Pretty sure 100,000 years ago Mug-mug was envious of Urg-lurg's ostentatiously large rock.

exiledonmainstreet, green-eyed devil said...
This comment has been removed by the author.
Robt C said...

75 comments in, and nobody has mentioned High Heels?

exiledonmainstreet, green-eyed devil said...

Welcome to the Hotel Califonia, prior to remodeling. They had the pink champagne on ice but the mirrors on the ceiling hadn't been installed yet.

Richard Dillman said...

The green line will lead the capitalist straight to Fidelity Investments where a trained investment advisor will help him
multiply his capital so he benefits from the unrewarded labor of his unhappy employees. He won't be able to use Fidelity's online tools, but the advisor will put his money in the Magellan Fund. He will have no need for bonds in his portfolio.
Fidelity will then charge him a very large commission, which they will then distribute clandestinely
to his employees.

Richard Dillman said...

High heels; maybe she works for trump.

David Begley said...

Great comments. The blonde reading the book is Trump's sister. Don't check me on the dates.

Henry said...

Pretty sure 100,000 years ago Mug-mug was envious of Urg-lurg's ostentatiously large rock.

Funny caveman names are also an invention of the bourgeoisie.

Jaq said...

I mean the guy with .01 brain would not do what he is doing. I just do not understand this guy.

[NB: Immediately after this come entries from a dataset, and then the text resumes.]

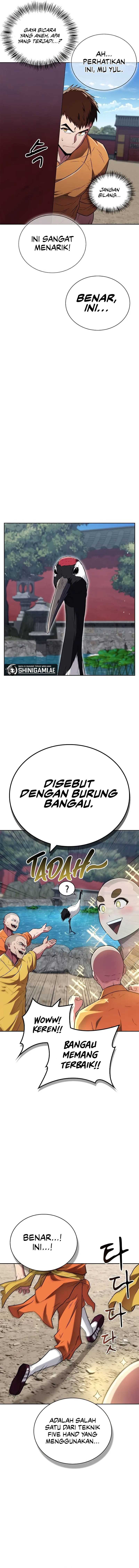 Genius Martial Arts Trainer Chapter 30 Gambar 8
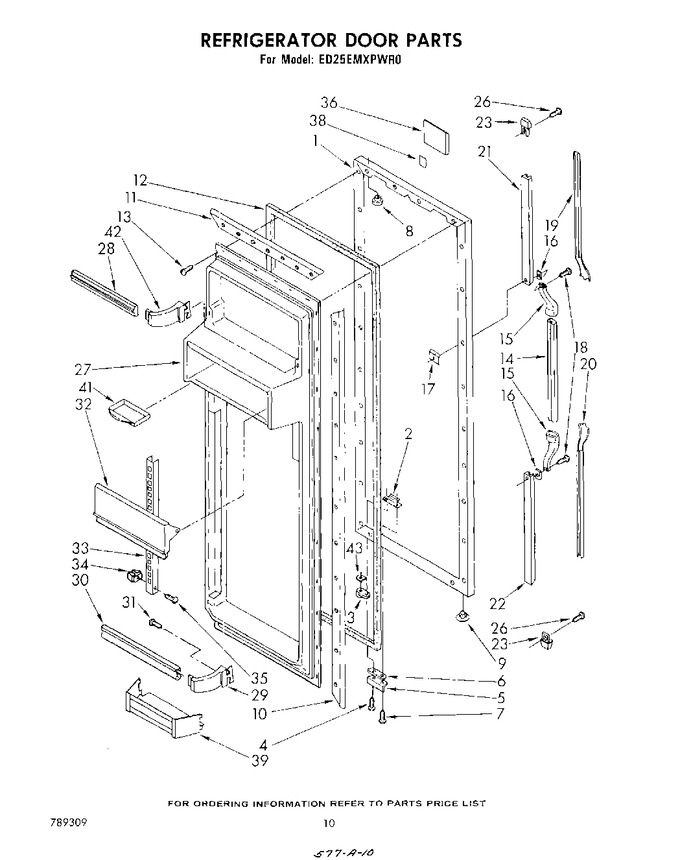 Diagram for ED25EMXPWR0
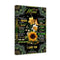 To My Mom I Know It'S Not Easy For A Woman To Raise A Child Daughter Gifts For Mom Canvas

Remember when you used to. come on this site and predict doom for him week after week before the election. There is a lot you don't understand. I used to think you were a parody account. Now I think you might actually believe the stuff you write.

Etienne said...
This comment has been removed by the author.
Ralph L said...

The mahogany was stripped unsustainably from the rain forest by grossly underpaid cishet male people of color without health insurance and without hearing and eye protection, as was the mill-working.

Jaylat said...

Haven't read all the comments, but I assume you've seen the Museum of Bad Art in Boston? It's a fun place.

http://www.museumofbadart.org

Ralph L said...

Why is there a shadow on the girl's book? Does that symbolize her future drudgery as a suburban housewife after dropping out of PhD program in nuclear physics at MIT in order to marry a dim but well-hung mid-level executive?

Darrell said...

Pretty sure 100,000 years ago Mug-mug was envious of Urg-lurg's ostentatiously large rock.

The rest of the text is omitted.